4 Noise-Induced Transitions

Qualitative changes are possible in the stochastic model under the noise influence: when a certain critical value of the noise intensity \(\epsilon _{cr}\) is reached, a transition from one deterministic attractor (stable point) to another (limit cycle) occurs. Random trajectories leave the pool of attraction of the deterministic attractor and wind up the limit cycle. Such qualitative changes in the system are called noise-induced transitions. Consider the change in the stochastic phase portrait depending on the intensity of the noise.

For weak noise, the randomly forced system (1) and (2) exhibits the small-amplitude stochastic oscillations near its equilibrium. Rare transitions occur through the unstable cycle to the limit cycle and back with increasing noise intensity. In that case, the oscillations of mixed type are observed, see Fig. 2.

Fig. 2

Noise-induced transitions for \(k_e=0.85\), \(\epsilon = 0.0098\)

Fig. 3

Noise-induced transitions for \(k_e=0.85\), \(\epsilon = 0.02\)

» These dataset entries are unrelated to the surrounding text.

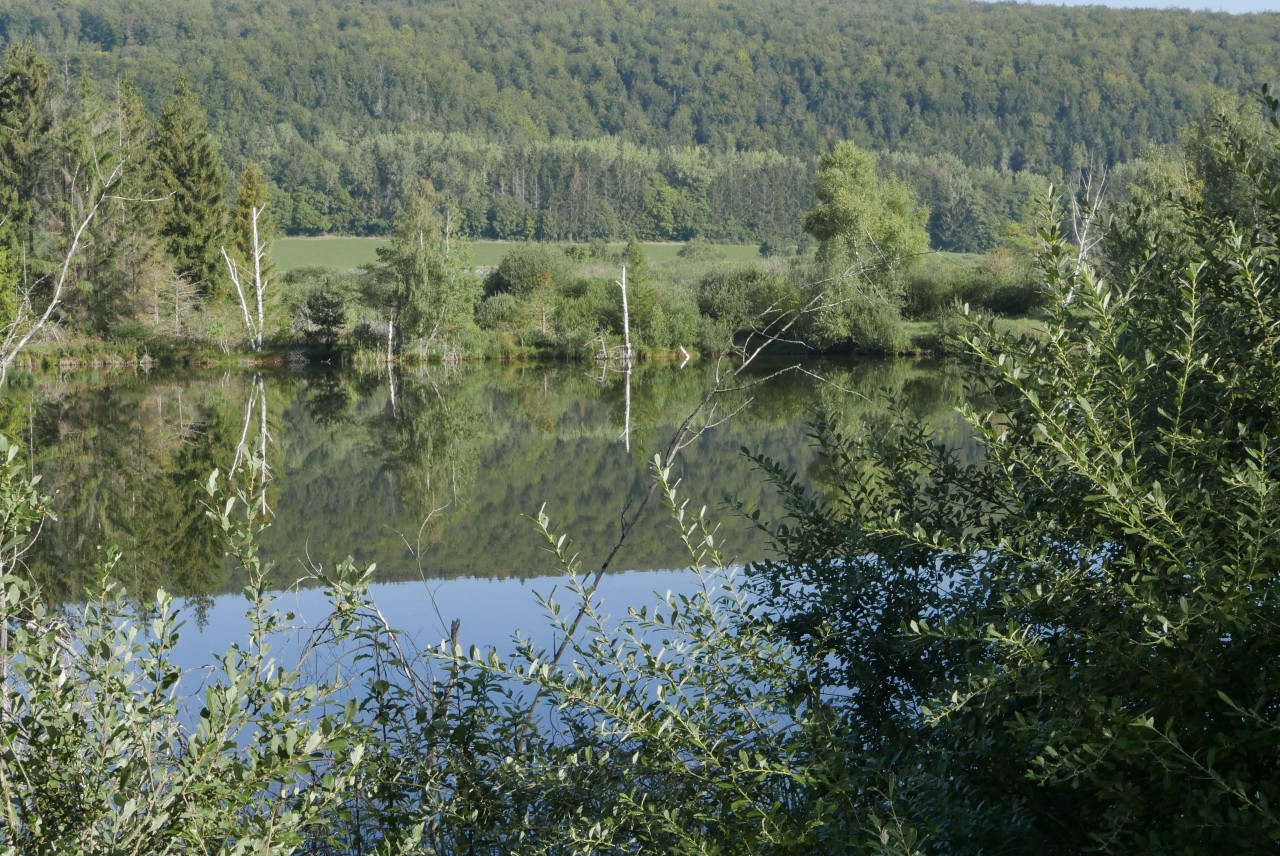 still ruht der (Bagger-) See ! | Landauf, LandApp BW App | 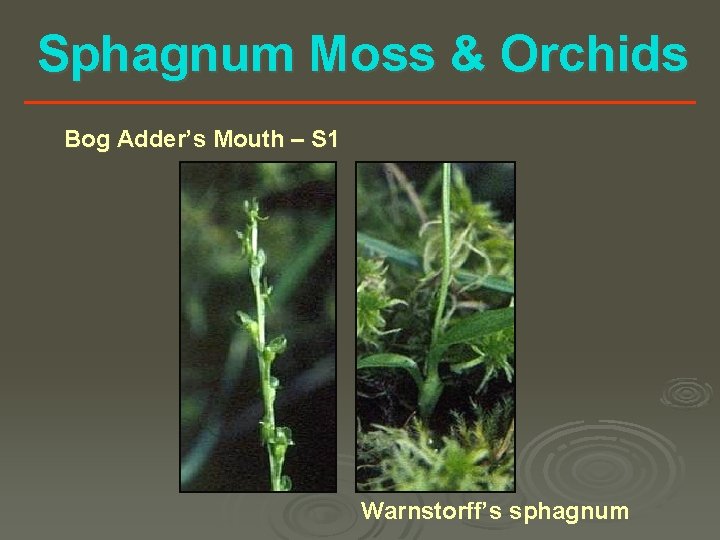 Sphagnum Moss & Orchids Bog Adder’s Mouth – S 1 Warnstorff’s sphagnum 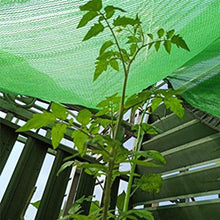 LSZ Verde 8-Pin carnoso Parasole Netto Sole Rete Solare Protezione Solare Progetto Balcone Auto Fiore Verde impianto di Isolamento Netto Vele Parasole (Color : A, Size : 2 * 6)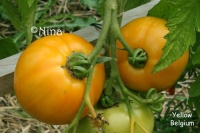 Tomate yellow belgium op.jpg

However, as noise intensity increases, the large-amplitude stochastic oscillations appear, see Fig. 3. Transitions become more frequent with further increase of noise intensity. Thus, using the stochastic sensitivity function, we can predict the value of the noise intensity \(\epsilon _{cr}\) corresponding to the beginning of the transitions.

We demonstrate transitions induced by noise for the control parameter \(k_e=0.85\) and find out that the critical value of the noise intensity approximately equals to \(\epsilon _{cr} \approx 0.009495\). After searching for the critical values of the noise intensity for the value of the parameter \(k_e\) from the stable zone, we obtain the dependence of the \(\epsilon _{cr}\) from the control parameter.

As it can be seen from Fig. 1b, the increase in control parameter value leads to the decrease in the noise intensity value, at which the transitions between attractors begin to appear.